Anthropologist Clifford Geertz, writing nearly four decades ago, compellingly addressed modern ecological questions. So-called “natural” systems are inextricably bound with cultural practices, as anthropologists have long shown. Geertz explains, “Though perhaps more apparent in so-called ‘traditional’ civilizations, this sort of infolding of setting and society is hardly confined to them.” He continues:

It used to be thought that, although environment might shape human life at primitive levels, where men were, it was said, more dependent upon nature, culture-evolutionary advance, especially technical advance, consisted of a progressive freeing of man from such conditioning. But the ecological crisis has divested us all of that illusion; indeed, it may be that advanced technology ties us in even more closely with the habitat we both make and inhabit, that having more impact upon it we in turn cause it to have more impact upon us. [2]
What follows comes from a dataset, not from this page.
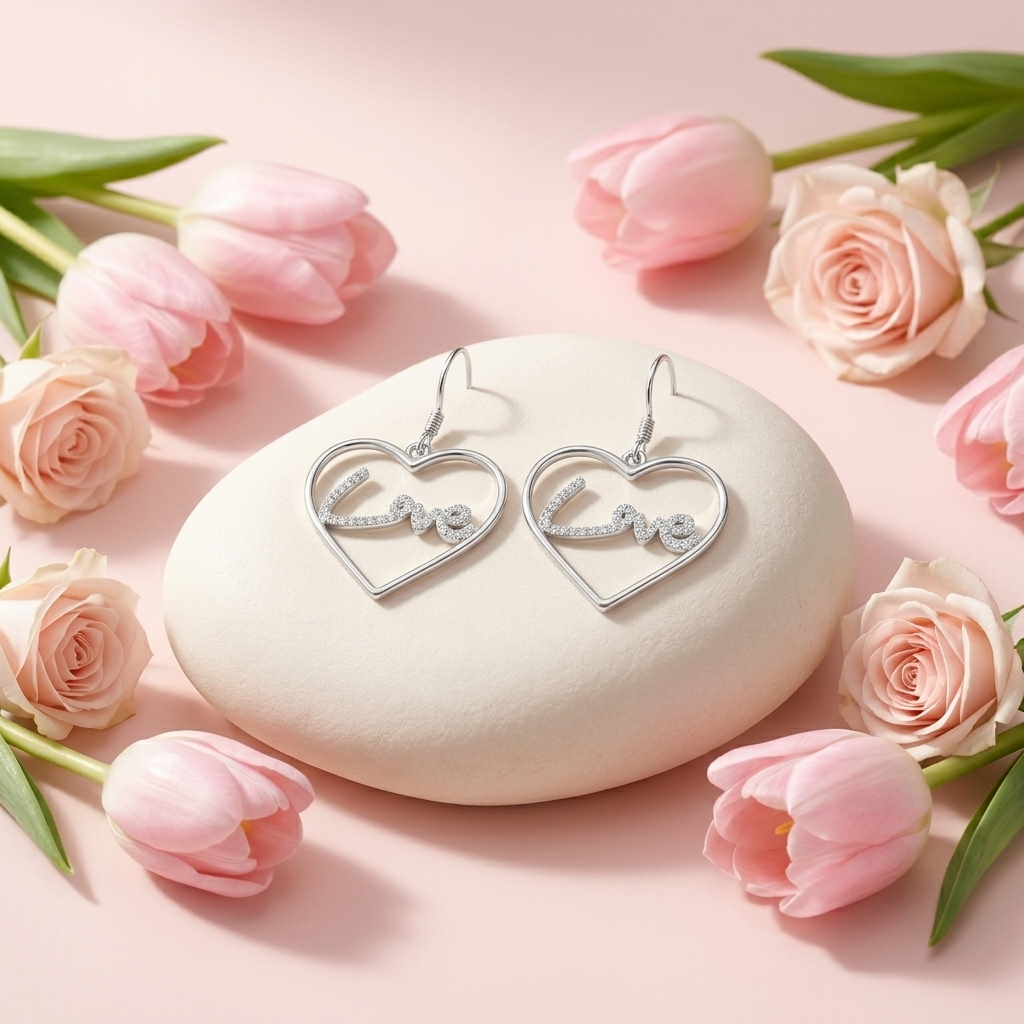Love Script Heart Drop Earrings, alternate angle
In relation to climate change, such a viewpoint is more relevant today than ever before. The drought demonstrates how California, a state typically defined as socially fragmented, remains a place woven by political and ecological ties. San Diego exists by virtue of such ties, as efforts to combat drought have linked it more closely with communities such as the Imperial Valley. Even San Diego’s wealthy downtown districts remain bound to the fate of the dusty shores of the Salton Sea. Throughout California and beyond its state borders, drought reveals the shared circumstances of disparate people, places, forces and forms of life, bound by both interconnection and interdependence.

Notes

1. Robert Gottlieb and Margaret FitzSimmons. Thirst for Growth: Water Agencies as Hidden Government in California (Tucson: University of Ari- zona Press, 1991), xvi–xvii.
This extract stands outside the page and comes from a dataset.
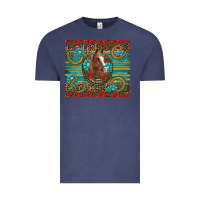 Vintage Denim western horse horseshoe roses gemstones glitter wooden Vintage Tee - Artiststas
2. Clifford Geertz. “The Wet and the Dry: Traditional Irrigation in Bali and Morocco.” Human Ecology 1, no. 1 (1972): 23–39.

Daniel Polk is a postdoctoral scholar at Stanford with the Bill Lane Center for the American West. Trained in socio-cultural anthropology, he is interested in the political and social aspects of ecological crisis. His research examines water politics in the borderlands of California, with a focus on how struggles for power are writ large in the “natural” landscape.